Ted Gurr and Ithiel de Sola Pool linked the two experiences, illustrating the flexibility of policy-oriented experts and their desire to operate in diverse areas of government. Ted Gurr, a consultant to CRESS (the organizational sponsor of Project Camelot, renamed in 1966)
turned his comparative studies of civil strife abroad toward more domestic topics.

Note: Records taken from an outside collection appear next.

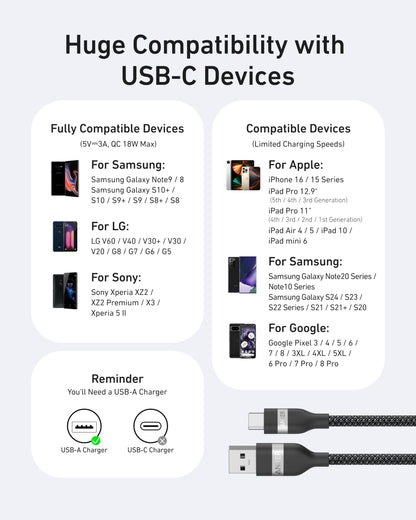 Anker USB-A to USB-C Cable (3 ft/6 ft, Upcycled-Braided)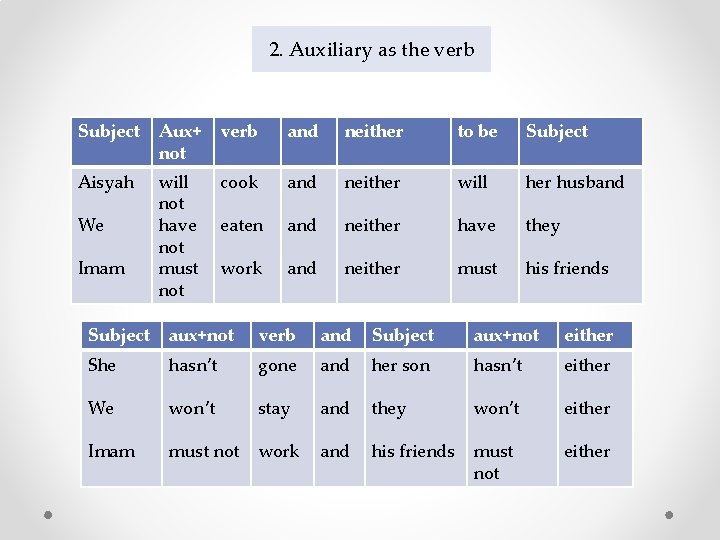2. Auxiliary as the verb Subject Aux+ not verb and neither to be Subject 2. Auxiliary as the verb Subject Aux+ not verb and neither to be Subject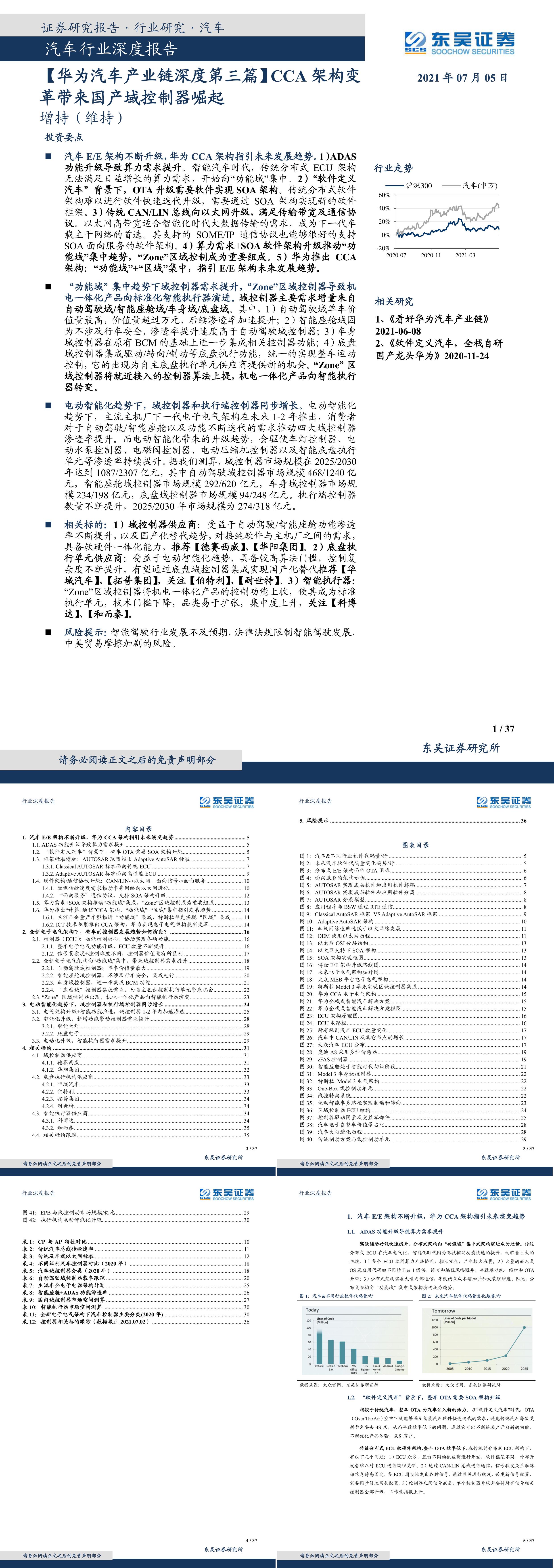 汽车行业深度报告华为汽车产业链深度第三篇CCA架构变革带来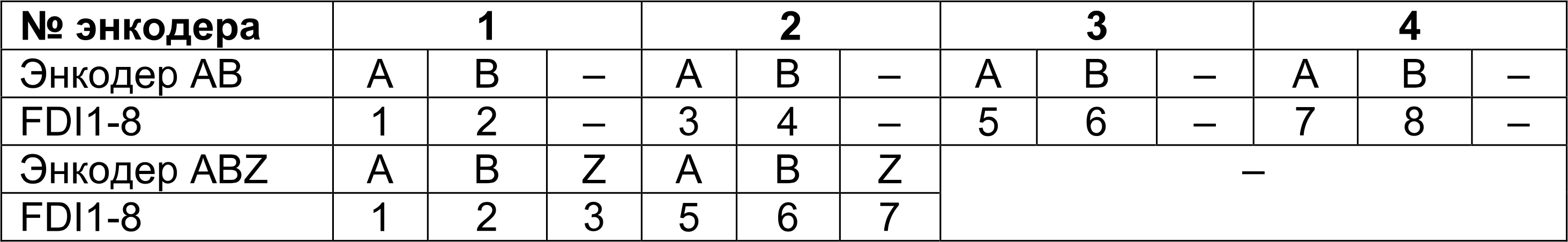 Таблица подключения энкодеров p-n-p и n-p-n типа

In 1968 he argued that sophisticated frustration-aggression theories could be applied to the circumstances of Guatemalan guerrillas, Indonesian students, and urban black Americans with roughly equal effectiveness, a view that was adopted, as noted above, by the commission's director.[77] Sola Pool, a vocal figure in military behavioral science, won a Kerner Commission contract worth $221,000 for his consulting firm, Simulmatics Inc., to track the media's contribution to urban riots.[78]
Beyond the presence of such individuals, the entire project of riot analysis was infused with the sense that the military had the most "Directly Related Experience," according to the rifle of a Kerner Commission memo on successful psychological warfare and counterinsurgency campaigns.[79] Much of the riot training and equipment advice sought after by municipal administrations and police departments came from the military, whose own experts sometimes derided the value of civilian knowledge on these topics.[80]